Curriculum 2005 to go ahead?

ALTHOUGH Curriculum 2005 is being scrutinized by an independent review team, millions of government money is set to be spent on new materials for piloting grades four and eight, which are to be phased in next year.

Many are asking why Minister of education Kader Asmal is pushing ahead with the implementation of the additional grades next year when the new curriculum is being reviewed.

Asmal last week announced that a team of independent educationists will evaluate the implementation of outcomes-based education during the next three months. While the move has been largely supported, educationists believe the decision to go ahead with implementation particularly in grade eight (the first year of high school) will perpetuate the same massive problems so far experienced with Curriculum 2005 – poor quality and jargon-heavy learning and teaching materials, inadequate training of teachers and confusion around the actual curriculum itself.

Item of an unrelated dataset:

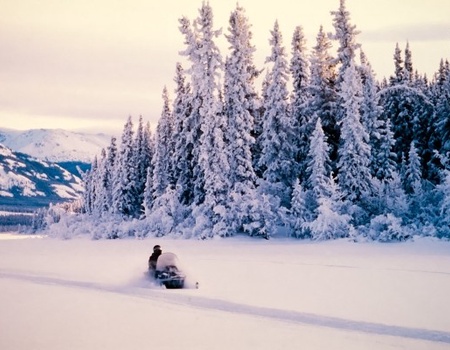 Circuit Immersion au coeur de l'hiver arctique - 5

A tender has just been put out by the national education department for the development of new learning and training materials to pilot grades four and eight later this year. Materials developers have a mere two weeks to put together extensive OBE materials for the pilot.

The same rush to produce materials in the past three years led to the confusion and ignorance which currently surrounds the new curriculum.

Information from the provinces shows that grade seven training materials brought out by the national department last year, which cost R1,5-million, were hardly used by teachers, because of the poor quality of the materials and because teachers did not receive proper training. Curriculum developers now fear that the whole process is likely to be repeated again with the new grades, despite the independent review process the government has committed itself to.

Although Asmal has been at pains to stress that the review is not a departure from outcomes-based education, the independent evaluation is clearly a response to many of the problems with its implementation.

Asmal last week criticized the jargon-heavy and complex version of OBE which has been handed down to teachers and has in his own words ”objected to the ”gross distortion and flourishing of myths” which have sprung up. He has also criticized the ”new outcomes-based scripture of fundamentalism — not unlike fundamental pedagogics that we have sought to purge.”

However Asmal said ”Outcomes-based education is here to stay. Anyone or any political party that believes otherwise has a misplaced hankering for the past – of state sanctioned and funded quality education for the minority elite and gutter education for the majority poor – with my own and government’s determination to bring an end to the myth and dogma associated with our brand of outcomes-based education and to putting firmly in place a national curriculum of high quality for all learners.”

— The Teacher/Mail & Guardian, February 17, 2000.